3.21      By way of example, Professor Pearce pointed to the Review’s recommendation for funding for Centrelink so that sufficient time was allocated to properly carry out the initial Centrelink interview (Recommendation 1(2)). The Review considered this was a key recommendation as it had found that when insufficient time and effort were put into the first interview, particularly for especially vulnerable claimants, the system failed. For example, a jobseeker may be referred to an inappropriate assistance agency or have to comply with requirements which they are unlikely to meet. The Department’s response stated that this was the current procedure for new claim interviews and ‘where necessary vulnerable claimants are referred to specialist officers’. However, Professor Pearce questioned the Department’s response and stated that:

All I say is that when looking at those responses, one needs to be very clear that they tend to put a gloss on or generalise the position without really getting to the nitty-gritty of what we have recommended.

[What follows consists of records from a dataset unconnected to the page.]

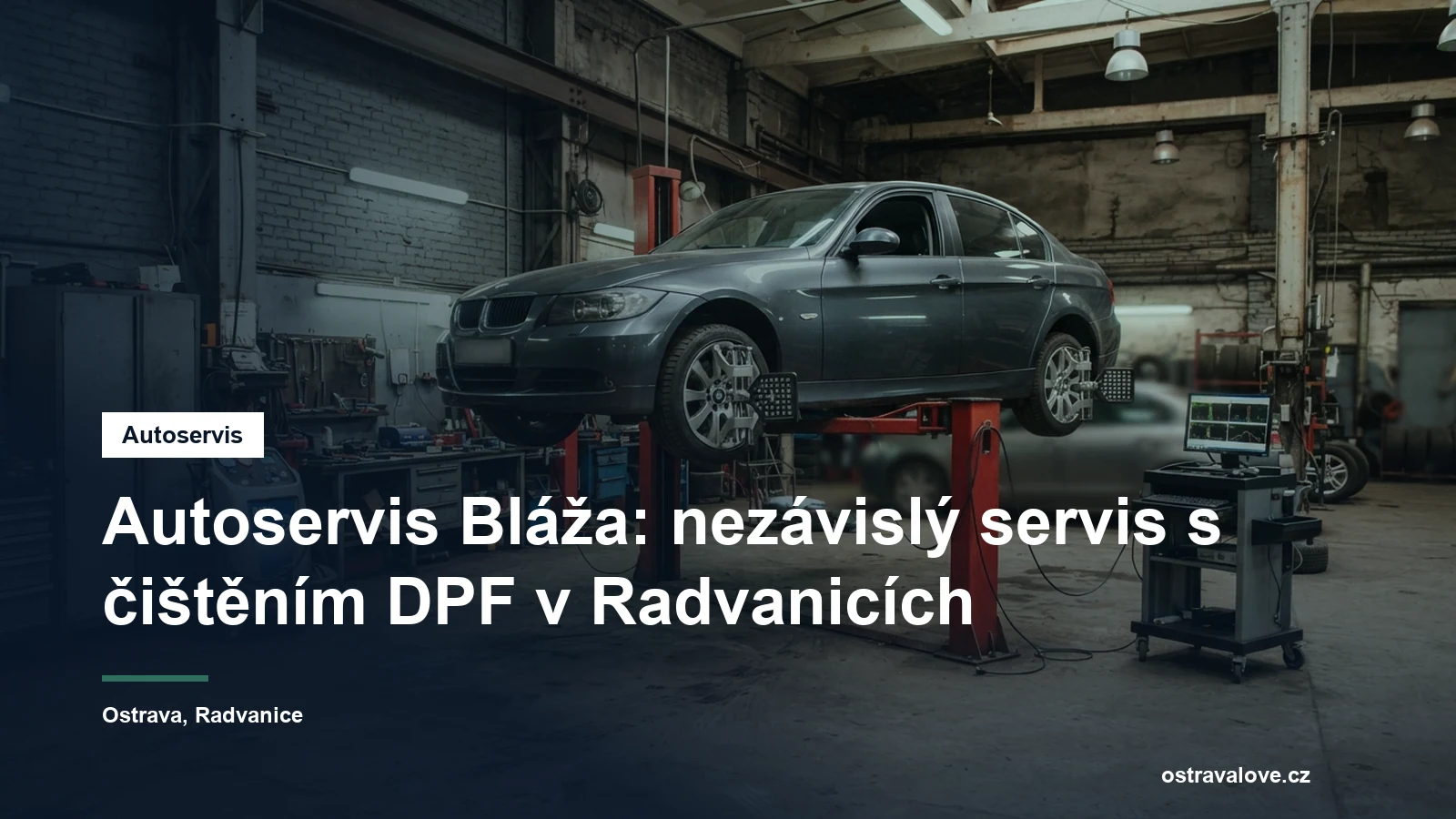 Dílna nezávislého autoservisu v Ostravě, osobní vůz na zvedáku a vedle něj stanoviště pro měření geometrie kol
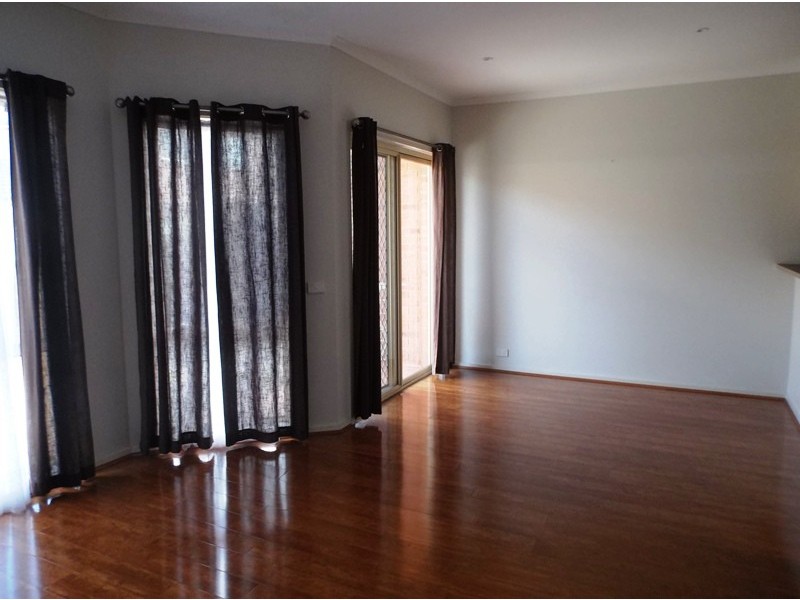 17 Boronia Avenue, Cranbourne VIC 3977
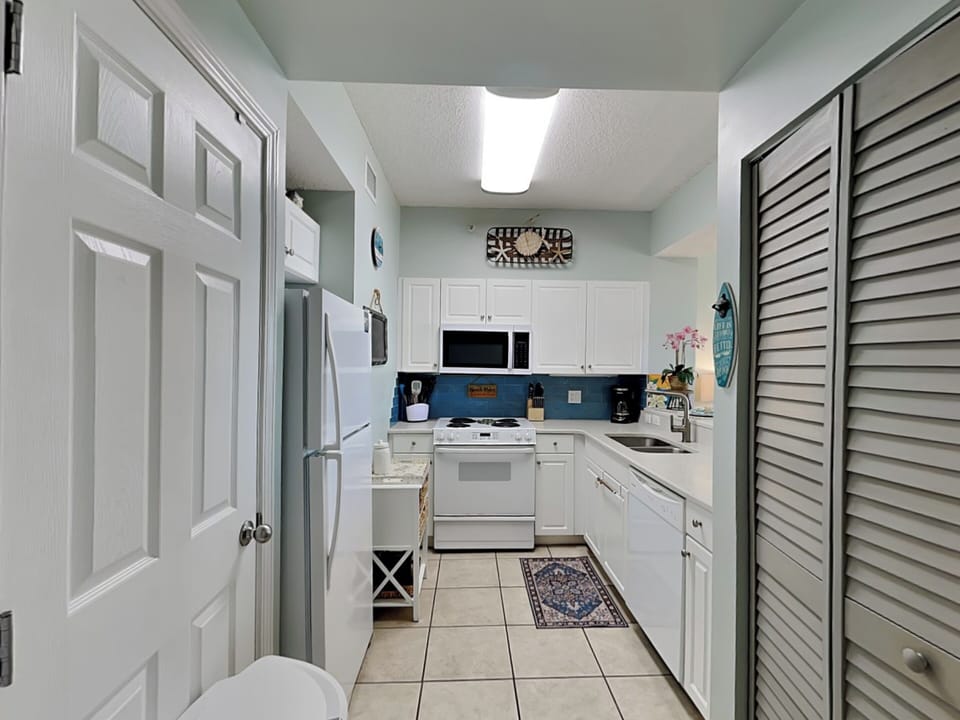 Fully Equipped Kitchen with Laundry Closet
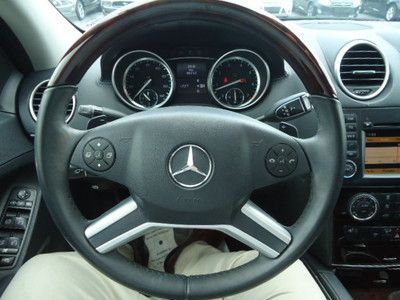 Black on Black Navigation Rear Entertainment Moonroof Must sell We Finance, image 37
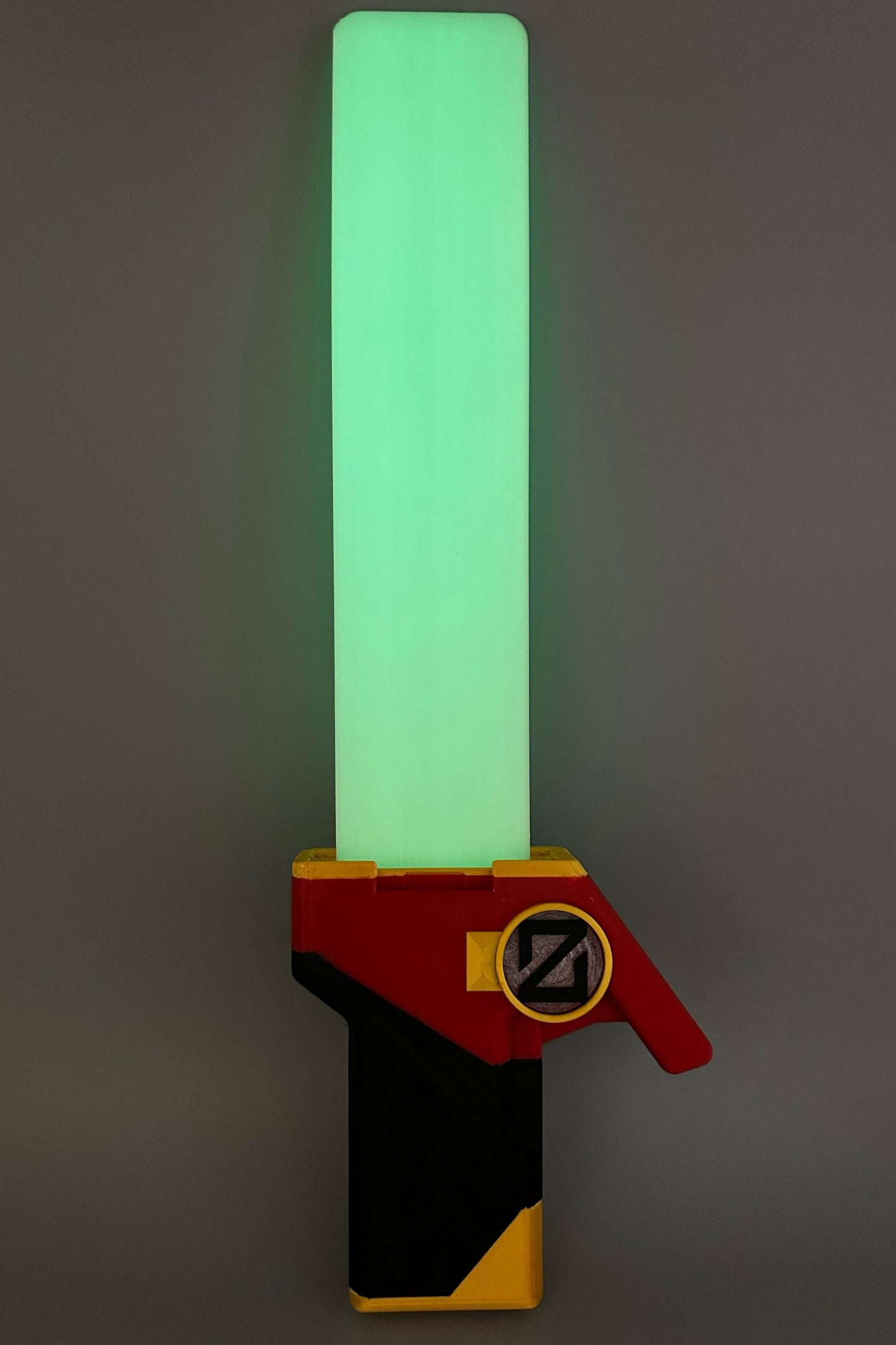 Valorant Waveform Skin mit leuchtendem Schwert in Schwarz Rot Gold Glow in the Dark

There have been some occasions when we think that the way in which the response represents the intention of the recommendation is not entirely accurate.[18]

3.22      Professor Disney provided comments on the changes which had occurred to the system since the Review had reported. In doing so, Professor Disney stated that ‘as far as we can tell’, there had not been significant changes in most areas. A difficulty which had arisen during the Review, and which continued, was the lack of accurate information:

...it is very hard to find out with accuracy what is really happening and to find out whether changes that are promised have actually been introduced, whether if introduced they have been kept because quite often they are pilots which are then discontinued, and if introduced to find out the detail.[19]

3.23      Of those changes made to the system, the Minister’s announcement that jobseekers who miss an appointment will have payments suspended was seen as having some benefits but ‘it does not address what we were on about’. Professor Disney commented that it was unclear to what extent and in what circumstances back payments would be paid. The Review favoured partial suspension as the suspension of all payment was viewed as being too severe.

3.24      The extension of the breach waiver provisions to include undertaking a rehabilitation program through the Commonwealth Rehabilitation Service was seen as useful. Although this was regarded as a movement in the right direction, it did not go as far as suggested by the Review. The Review recommended a broader range of exemptions including a course of study as ‘this extension would not only provide additional scope for relief from hardship but also increase incentives for active job search’.[20]

3.25      Professor Disney noted that the introduction of the Third Breach Alert system was intended to identify customers at risk of being breached and to allow a more detailed examination of a person’s circumstances. Professor Disney suggested that if the increase in breaching identified by ACOSS was correct, doubts could be raised about the effectiveness of the Third Breach Alert system.

3.26      The introduction of a supplementary assessment system was seen as beneficial and has some similarities to the Review’s recommendations for especially vulnerable jobseekers. Professor Disney suggested that the Review’s proposals could easily be implemented as an ‘add-on’ to the process already established.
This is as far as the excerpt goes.